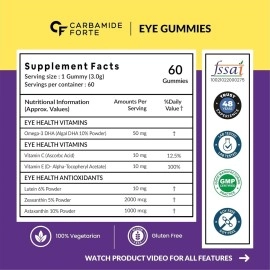 Carbamide Forte Eye Gummies - Lutein and Zeaxanthin Eye Supplements with Astaxanthin, Veg DHA and Vitamin C for Vision Support & Eye Health - Cranberry Flavour - 60 Veg Gummies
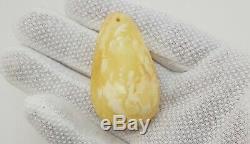 Pendant Stone Amber Natural Baltic White 16,3g Vintage Old Egg Yolk Rare F-937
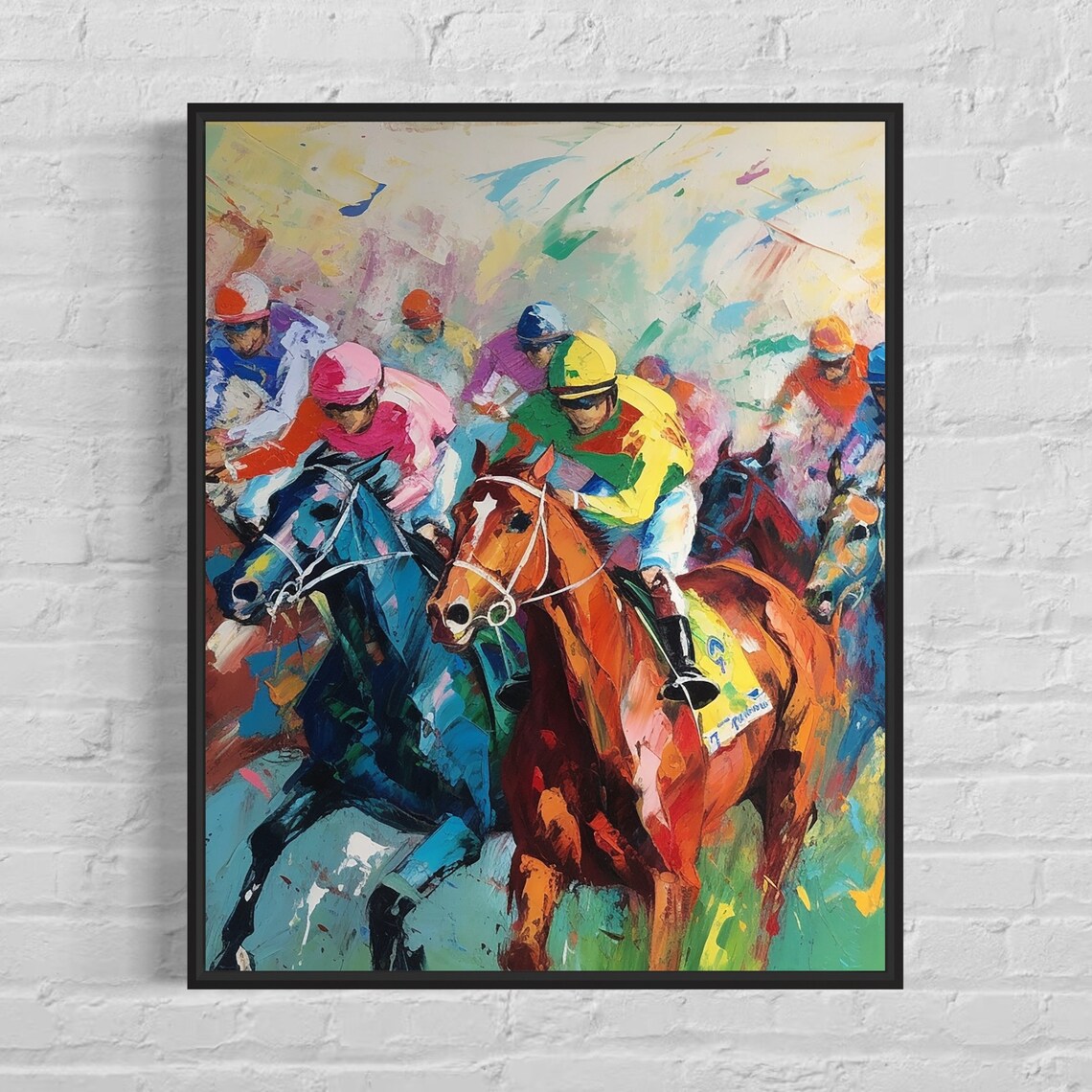 Horse Racing Abstract Painting Jockeys Racing On Canvas Sports Poster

[WHAT TO WORK ON] Copy out the lines above in full and unaltered, apart from the pictures.

[WRITTEN ANSWER]
 Carbamide Forte Eye Gummies - Lutein and Zeaxanthin Eye Supplements with Astaxanthin, Veg DHA and Vitamin C for Vision Support & Eye Health - Cranberry Flavour - 60 Veg Gummies
 Pendant Stone Amber Natural Baltic White 16,3g Vintage Old Egg Yolk Rare F-937
 Horse Racing Abstract Painting Jockeys Racing On Canvas Sports Poster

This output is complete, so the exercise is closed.